## Work request:
Only the lines from the one with "Парцел 1997 м2, инвестиционен" through the last line of the material below belong in the answer, copied exactly and without pictures.

## Exercise material:

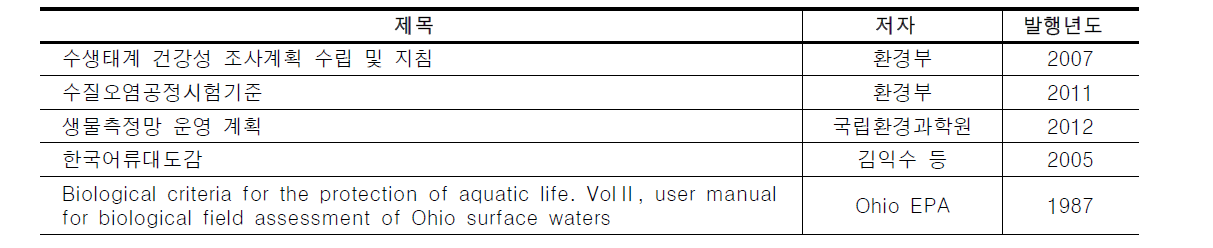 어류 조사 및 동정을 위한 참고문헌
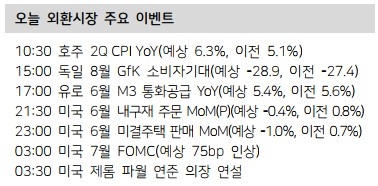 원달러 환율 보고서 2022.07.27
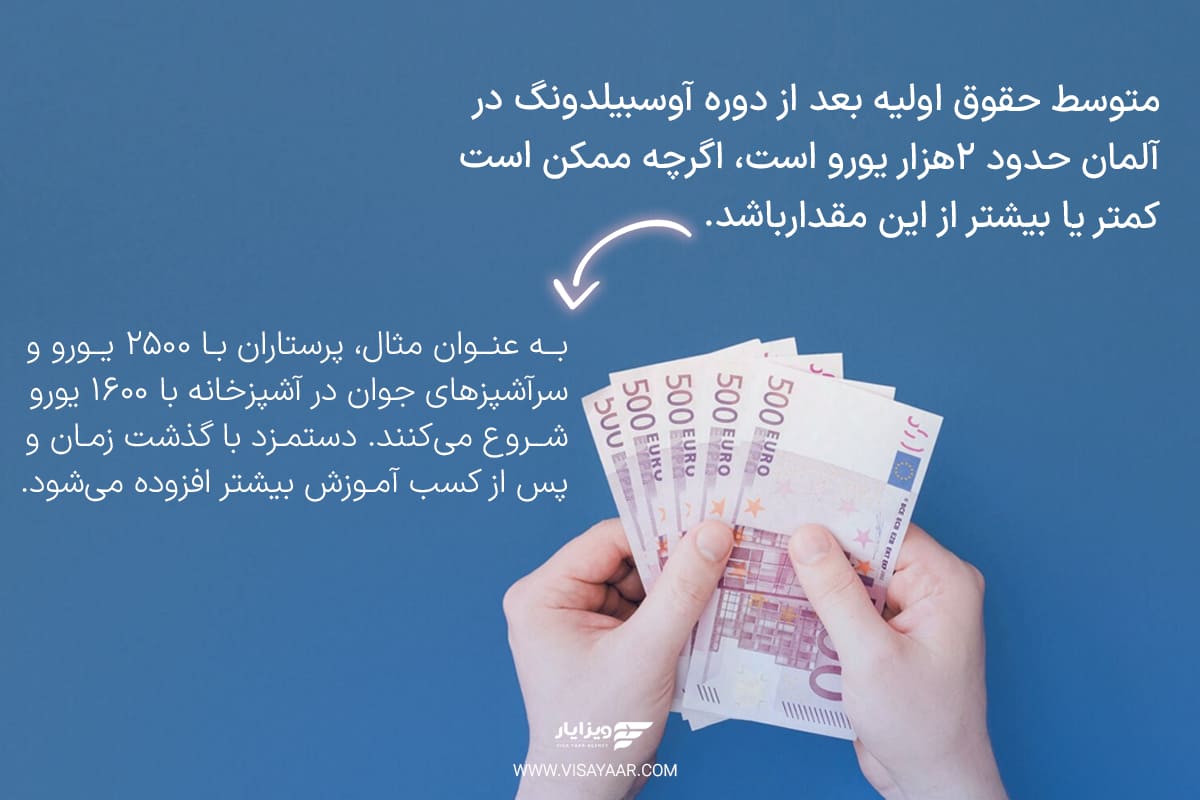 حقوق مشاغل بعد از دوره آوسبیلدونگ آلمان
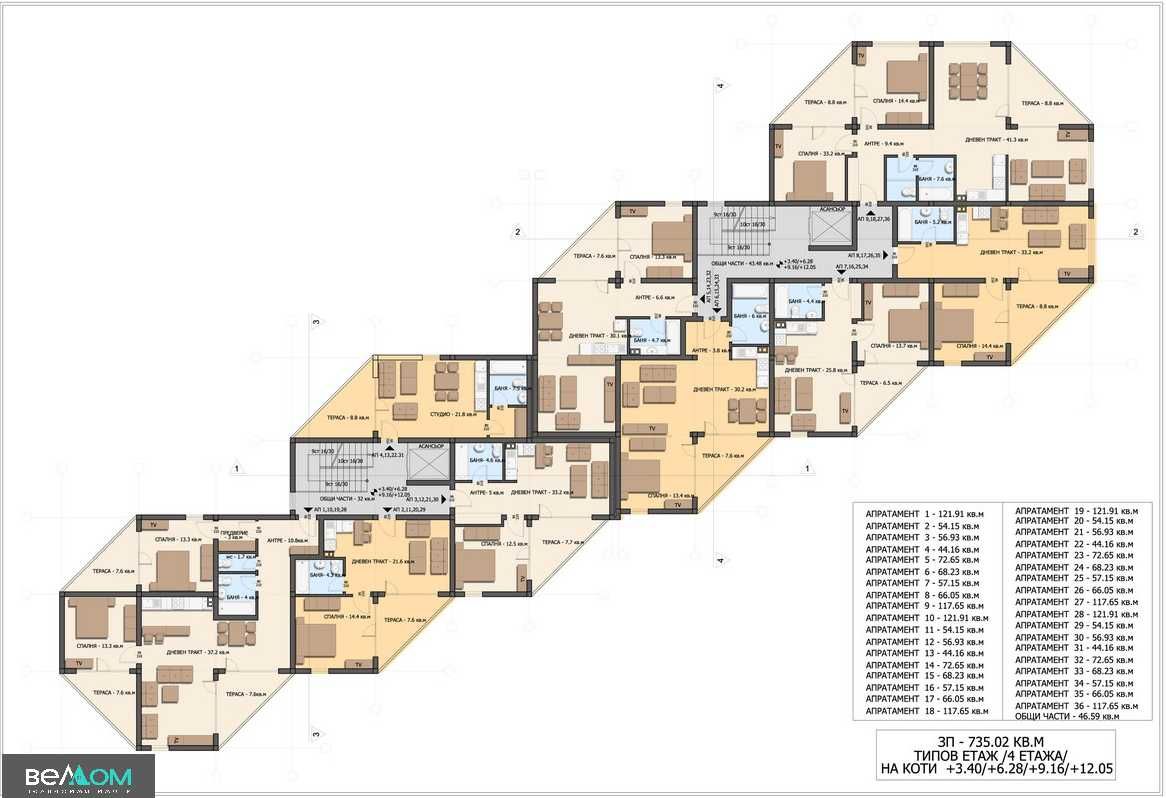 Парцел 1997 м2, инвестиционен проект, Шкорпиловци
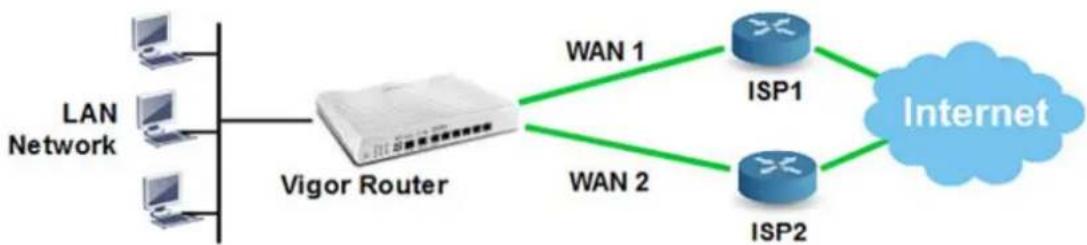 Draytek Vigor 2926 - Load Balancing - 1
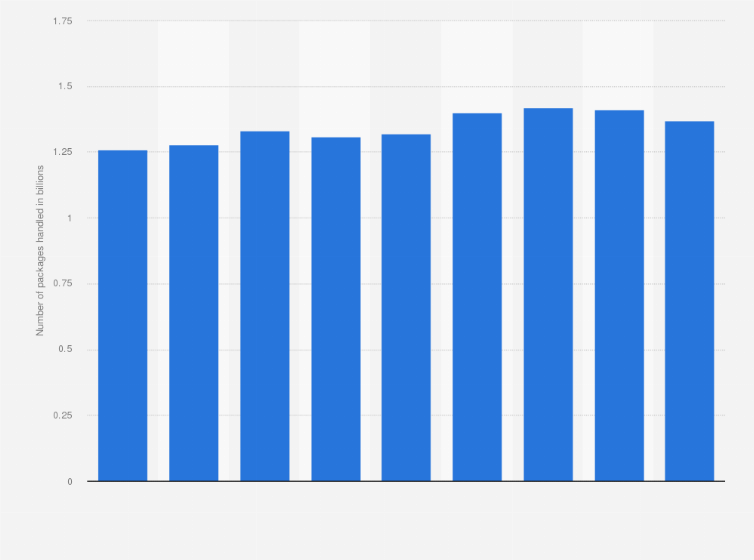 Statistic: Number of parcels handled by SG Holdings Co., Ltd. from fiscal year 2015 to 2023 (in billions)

## Result for this task:
 Парцел 1997 м2, инвестиционен проект, Шкорпиловци
 Draytek Vigor 2926 - Load Balancing - 1
 Statistic: Number of parcels handled by SG Holdings Co., Ltd. from fiscal year 2015 to 2023 (in billions)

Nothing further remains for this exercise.